Clues

For those seeking political tea leaves on the state cannabis medication program in primary election returns, the Lyon County sheriff's race may offer some hints in a jurisdiction that includes bedroom communities for Reno and Carson.

That county's incumbent sheriff, Allen Veil, took one of the more extreme postures around the state, successfully seeking a local ordinance to ban the voter-approved program and talking about how organized crime and money laundering will come to Lyon County if medical dispensaries are allowed.

Veil is retiring from office, and four candidates are seeking to replace him.

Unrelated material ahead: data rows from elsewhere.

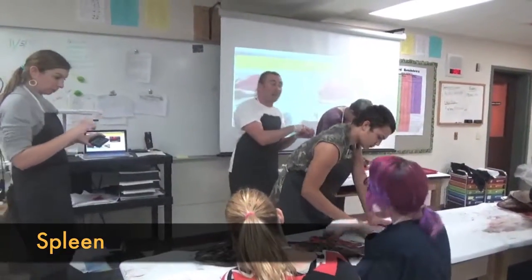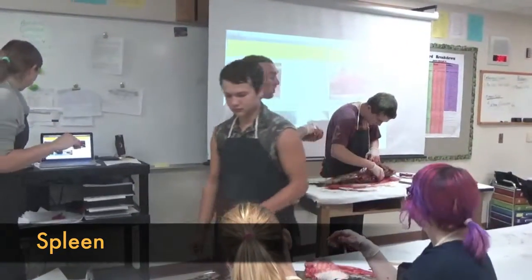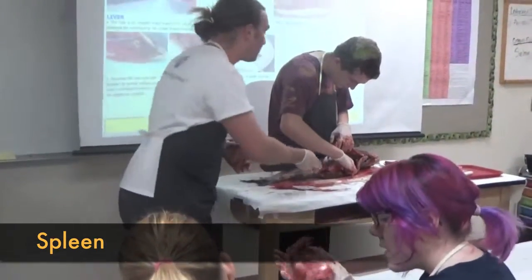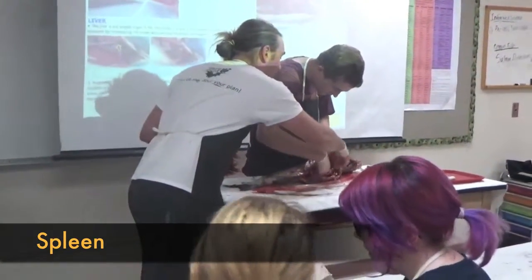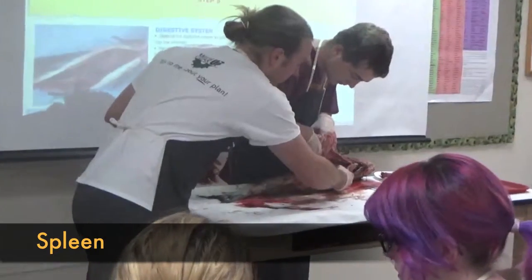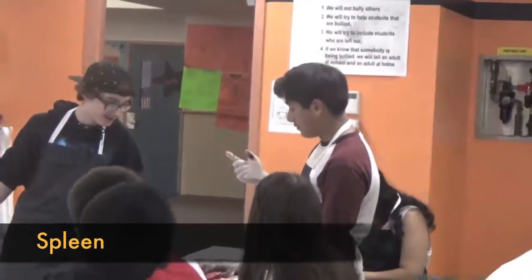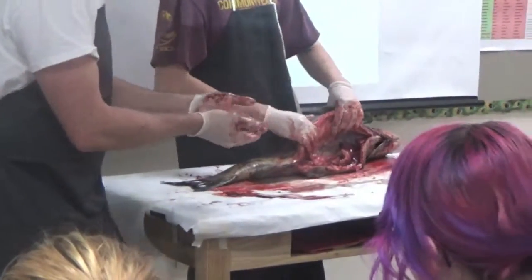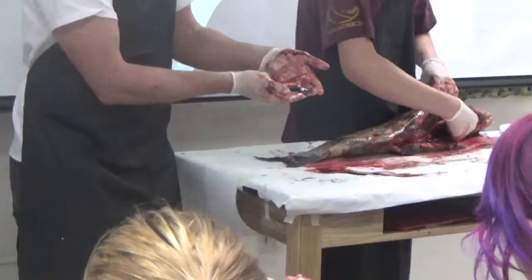You guys probably saw it coming out of the salmon — the bright red, or dark red I should say. The spleen. What does the spleen do? It's a filter for the blood. You can tease it out — a lot of this stuff you can just pull out by hand. That's what our spleen looks like.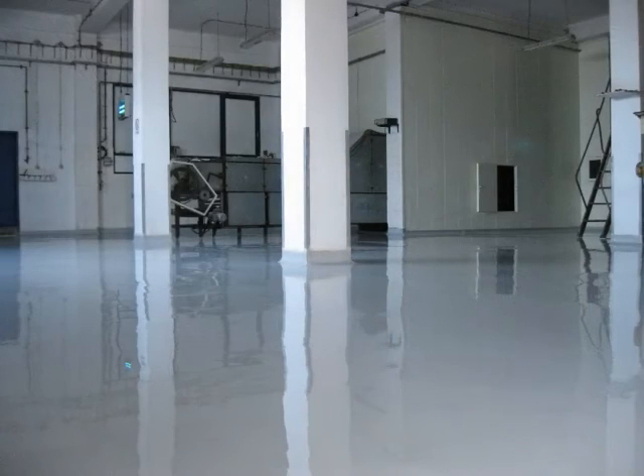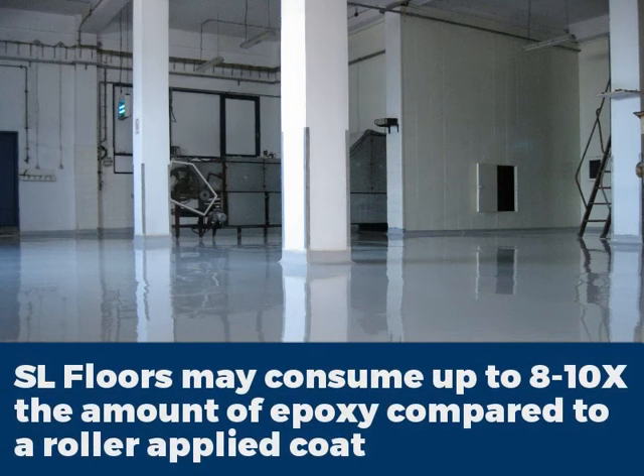Moving on to the next subject — people ask me often: why are self-leveling floors so expensive compared to, for example, a typical roller-applied floor? The reason is that when you apply self-leveling, because you actually pour the product, you need to use about 8 to 10 times as much product as you'd use when applying with a roller. Because of this massive difference in the amount of product needed, that's why the cost for self-leveling is so much higher.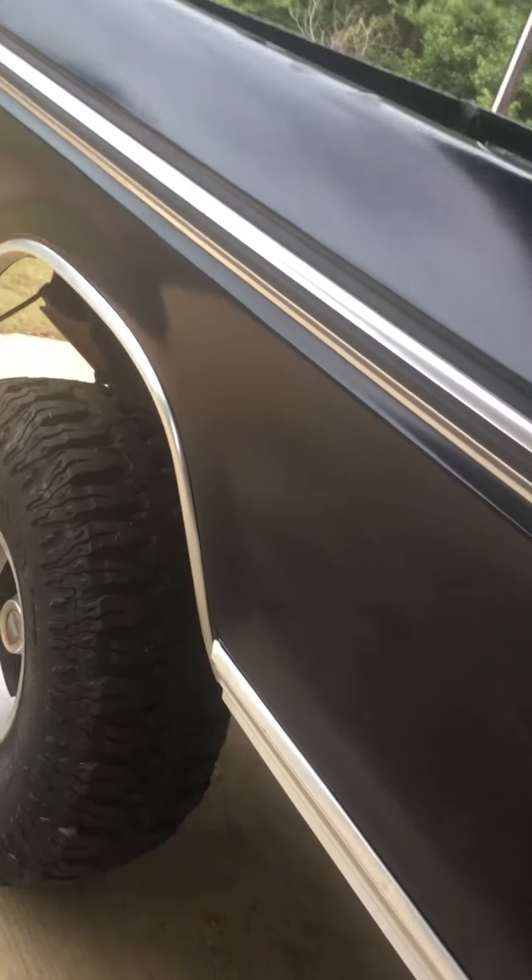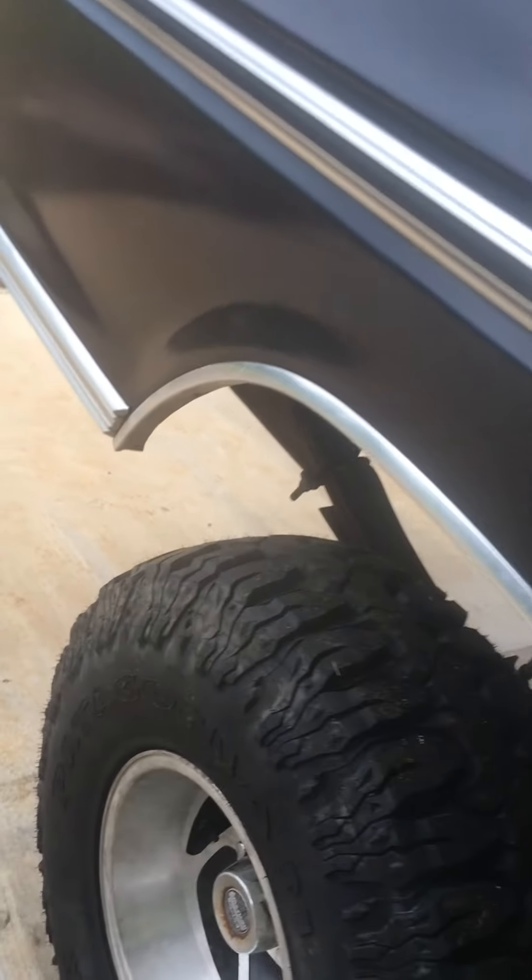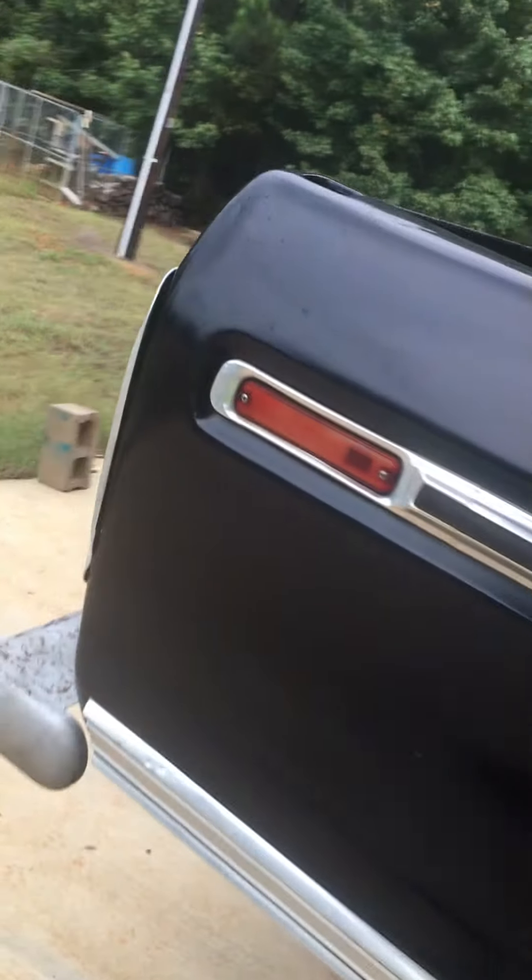This has a paint — definitely a 20 footer. Nothing professional about the paint job whatsoever. Damn good looking truck.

Of those four—Steven Adams, Greg Kantz, Al McNeil and Albert Torres—it's possible from their stated positions to gauge where they stood on dispensaries, while acknowledging that other issues no doubt came into play.

Torres opposes cannabis medication entirely and is closest to Veil's position, opposing any dispensaries in the county at all. McNeil and Kantz seemed to try to walk a tightrope between positions, Kantz saying medical marijuana was a persistent issue with the public but in the end opposing dispensaries, and McNeil challenging the sheriff's claim of increased crime accompanying dispensaries but then also claiming they would foster money laundering. Adams seemed most supportive of patients' rights, saying they should be treated if they had medical need and the support of their physicians, though he didn't directly address the question of medical dispensaries.